Last week, the Social Security Administration released its official list of 2010’s most popular baby names. While I don’t really care that Jacob was the most popular name in 2010 for boys and Isabella for girls, I do enjoy playing around on the SSA’s Popular Baby Names website, which lists the 1000 most popular boys’ and girls’ names for each year since 2000.
After checking the popularity of my children’s names (Malachi was the 163rd most common boys’ name in 2010; neither Meyer nor Resha were in the top 1000), I decided to look into the names of popular athletes to see how many people were naming their children after popular sports stars.
Of course, the data for names such as Michael, Tom, Tim, Maria, and Mia isn’t terribly meaningful. These names are so common that there’s no way to know if parents are naming their children after Jordan, Phelps, Brady, Lincecum, Sharapova, or Hamm. But more unique athlete names yield some interesting results.
While neither LeBron nor Dwyane with the y before the a have been among the 1000 most popular baby names in the past decade, Peyton and Kobe have. The graphs below show the popularity of the boys’ names “Peyton” and “Kobe” from 2000 to 2010. (Note that these graphs only reflect the names’ popularity relative to other boys’ names, not the number or percentage of boys born in a given year named Peyton or Kobe.)
Notice that Peyton peaked in 2007, the year when Peyton Manning was named MVP of Super Bowl XLI. You’ll also notice a dip in 2002 and 2003 following the Jim Mora “Playoffs?” rant and the Colts’ 41-0 playoff loss to the Jets in Tony Dungy’s first year. The name Eli made a jump in 2008, following Eli Manning’s Super Bowl win, and again in 2010. (I wonder if the 2010 Elis are the little brothers of the 2007 Peytons.)
It will be interesting to see if Peyton gets a bump in 2011, thanks to Mr. Hillis. If you can make it onto the Madden cover, you can probably make it into the delivery room. Peyton is also a popular girls’ name, but I don’t know if that has anything to do with sports.

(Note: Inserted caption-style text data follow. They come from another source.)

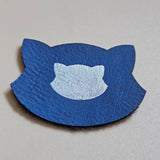 Blue - Engraves Silver - Leatherette Sheet – PU Material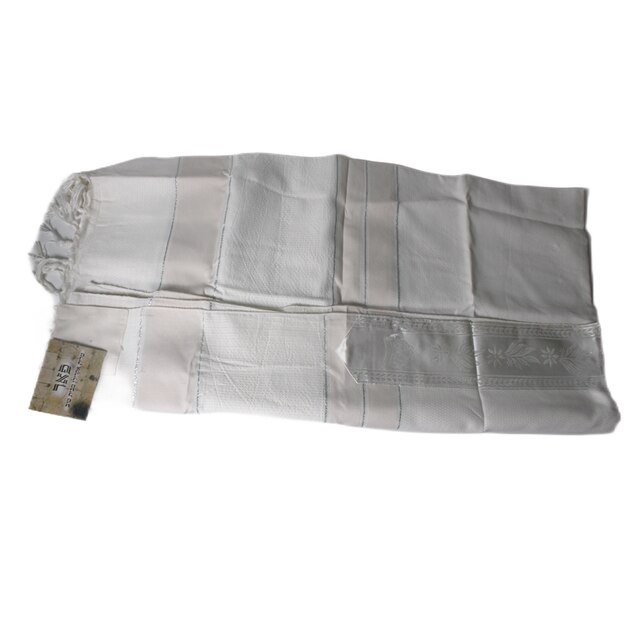 Chal mesiánico Tallit para oración judía, bufanda blanca Hanukkah con bolsa de 120x160cm, envolturas de Talis religiosos, de Israel: 150x190cm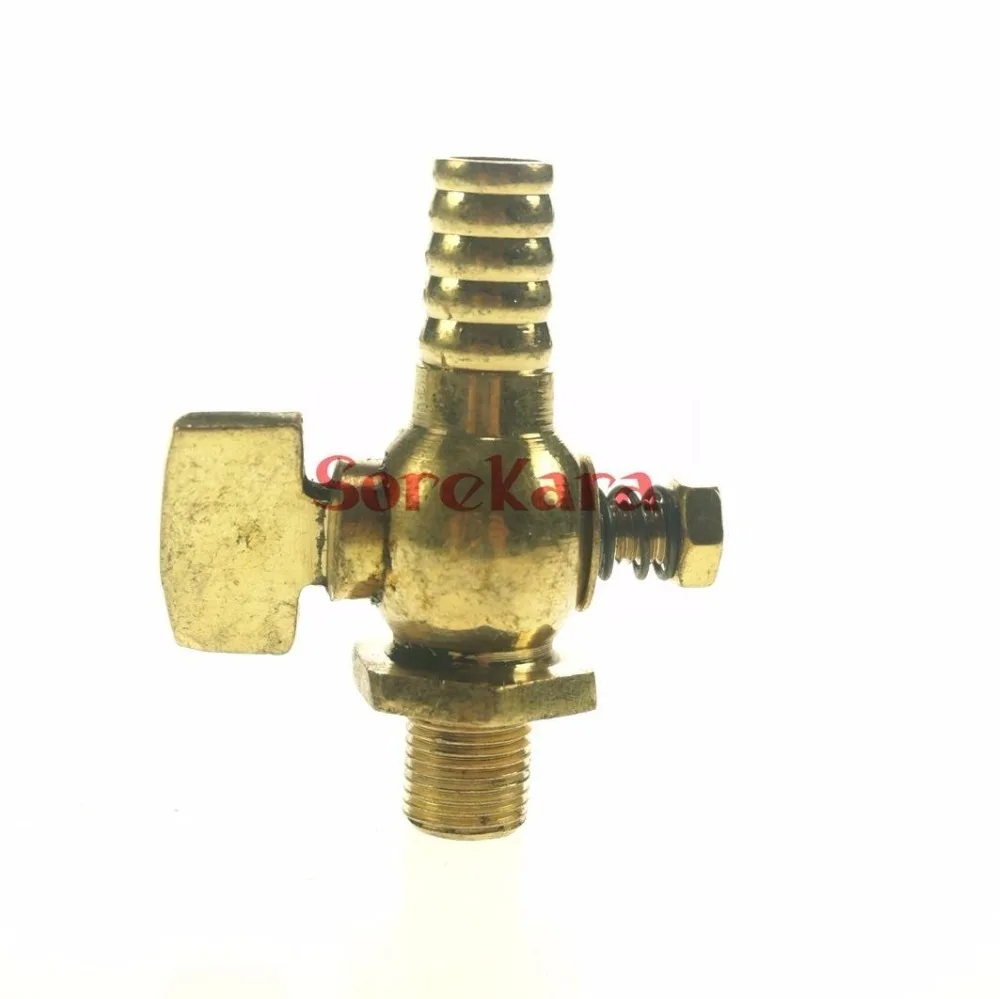 1/" 1/4" 3/" 1/2" BSP наружная резьба до 8 мм 10 мм I/D шланг Барб латунь слив petcock запорный клапан для топлива, газа, масла, воздуха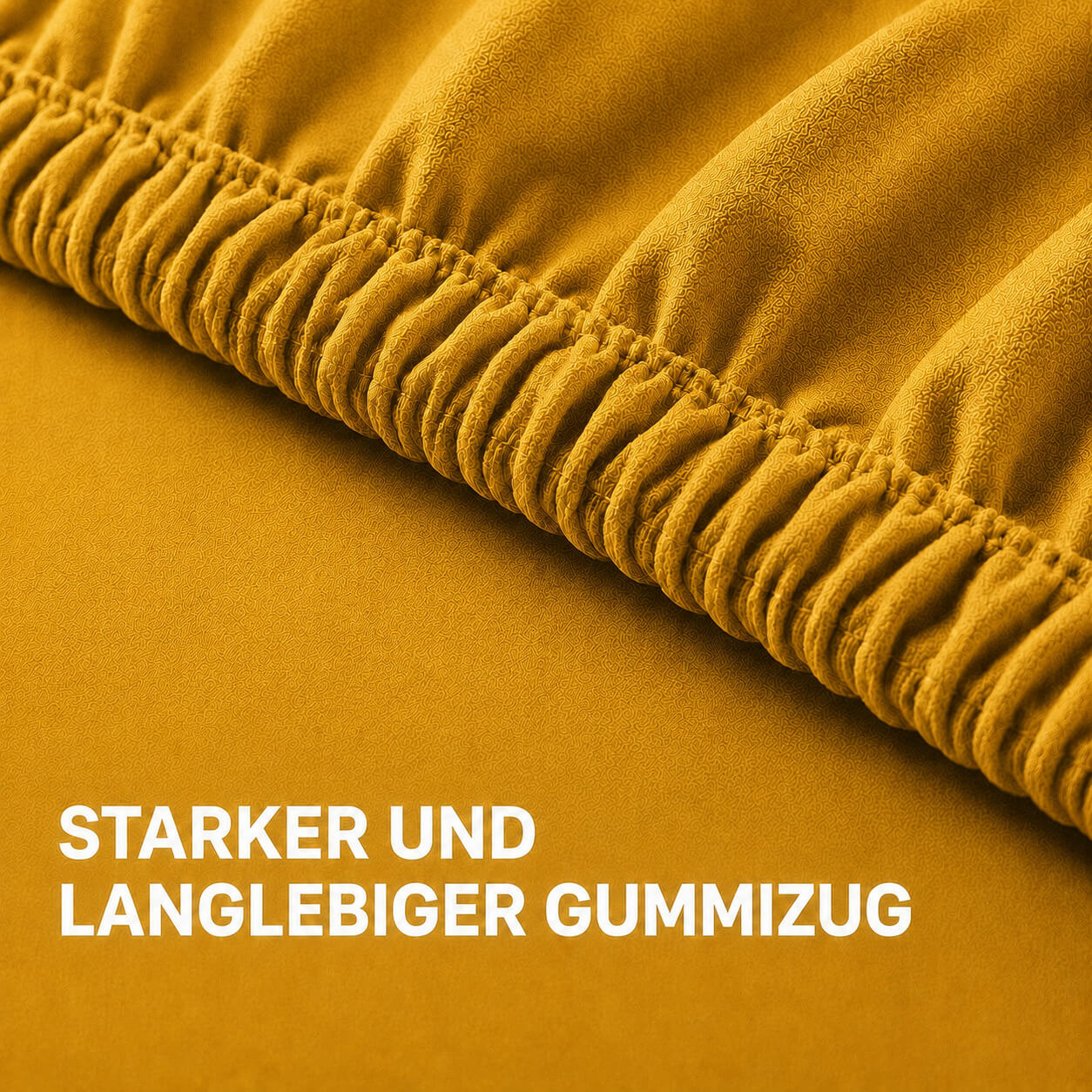 Bonny Home Spannbettlaken Senfgelb – 100 % Baumwolle – Für Einzel- und Doppelbett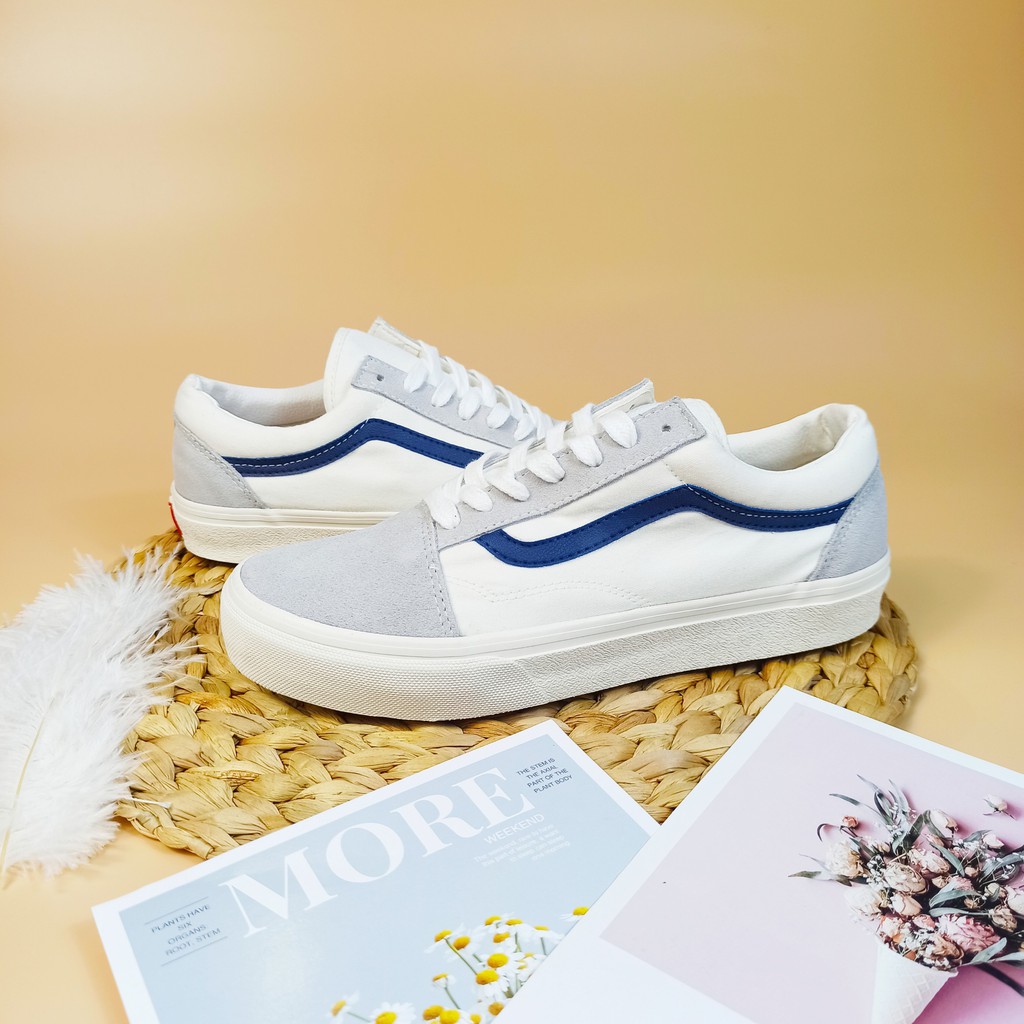 Giày thể thao vault old skool nam nữ giá rẻ, Sneaker classic style 36 đế bằng đi học đi làm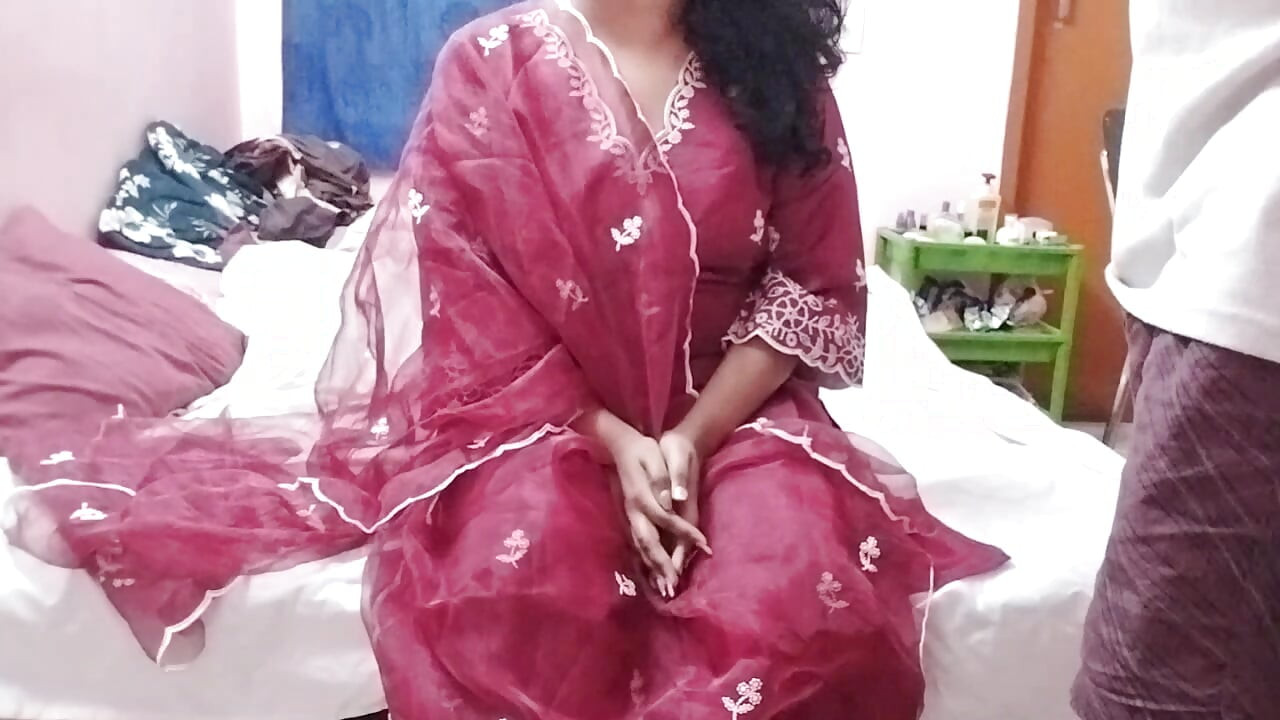 Husband is being naughty in front of her virgin sister in law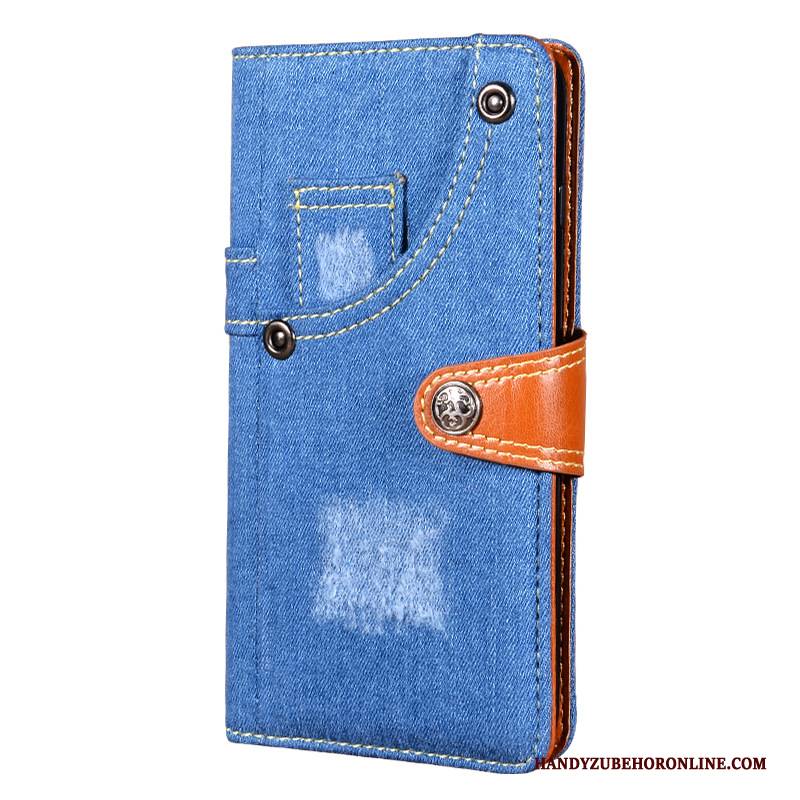 Hülle Nokia 7.2 Folio Denim Schwarz, Case Nokia 7.2 Schutz Neu Handyhüllen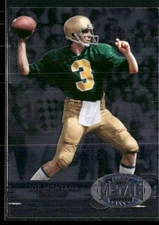 2013 Fleer Retro #M-105 Joe Montana Metal Universe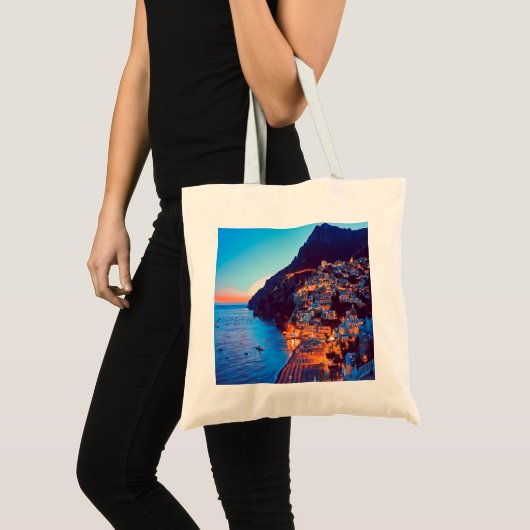Tote Bag ldp POSITANO Côte Amalfi - coucher de soleil pris (Devant (produit))
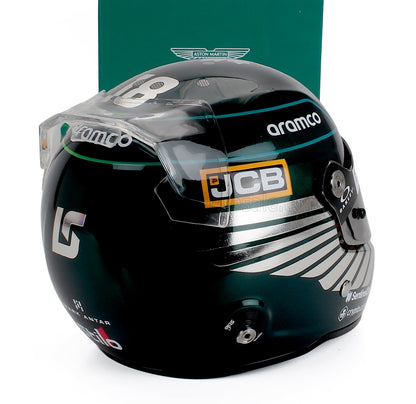 STILO - CASCO HELMET F1 LANCE STROLL TEAM ASTON MARTIN ARAMCO COGNIZANT N 18 SEASON 2023 - GREEN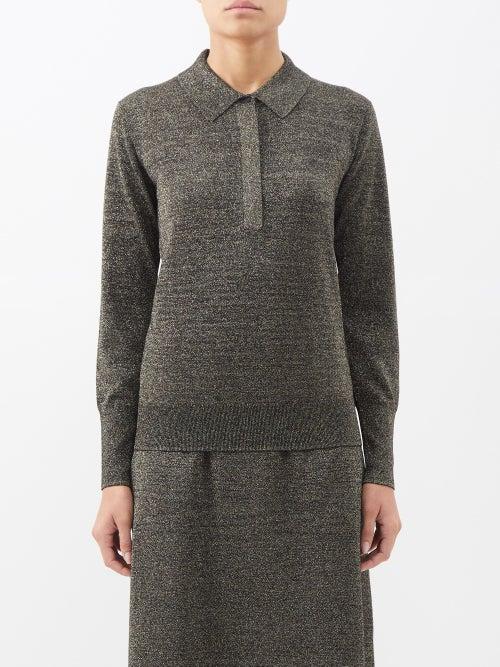 Cefinn - Josie Metallic Wool-blend Sweater - Womens - Gold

Kobe, after a strong showing from 2000 until 2002 (the years the Lakers won the NBA title), fell drastically in 2004. Kobe Bryant was arrested for sexual assault late in 2003. The name had a minor renaissance in 2008, the year the Lakers returned to the NBA Finals.
Danica jumped into the top 1000 in 2005, the year that Ms. Patrick made her Indy 500 debut. Danica ranked 611 in 2005 and rose to 353 in 2006. It has been in the top 500 ever since. (I’m guessing that Danica’s recent popularity has to do with the race car driver and not the actress who played Winnie Cooper.)
The Baby Name Wizard has data on the top 1000 baby names per decade going back to the 1880s. It tells us that Kareem, which was not in the top 1000 in the 1960s, was #471 in the 1970s. (Lew Alcindor became Kareem Abdul-Jabbar in 1971.) Ryne came from nowhere to crack the top 1000 in the 1980s (822) and 1990s (904). Nice going, Cubs fans. And Shaquille was the 482nd most common baby name in the 1990s. It had never been in the top 1000 before and hasn’t been since.
But not all athletes, regardless of their ability or popularity, have been able to pass along their names to younger generations.
Though the Big Dipper’s skills on the hardwood were transcendent, Wilton ranked 994 in the 1960s, down from 758 in the 1950s and 610 in the 1940s. It fell out of the top 1000 in the 1970s and hasn’t returned. Likewise, Otto Graham’s Hall of Fame career with the Cleveland Browns couldn’t keep his first name from fading into obscurity. More recently, neither Sidney Crosby nor Candace Parker were able to give their respective names a boost. And while Landon has been climbing the baby-name charts, that trend began long before Landon Donovan became a household name.
We can’t know for sure how much influence popular athletes have had on baby names without interviewing the parents who have chosen these names. (“Basketball player? We named him after his great uncle Shaquille.”) While my wife and I didn’t give much thought to naming any of our children after athletes*, I think it’s safe to say that a lot of people do. I know a couple who named their son after Brazilian soccer great Romário de Souza Faria, and I’m guessing that the number of kids named Peyton and Danica has something to do with the sports stars of the same name.
* – We may have briefly considered Kwame, in honor of former University of Evansville center and national hero Kwame James.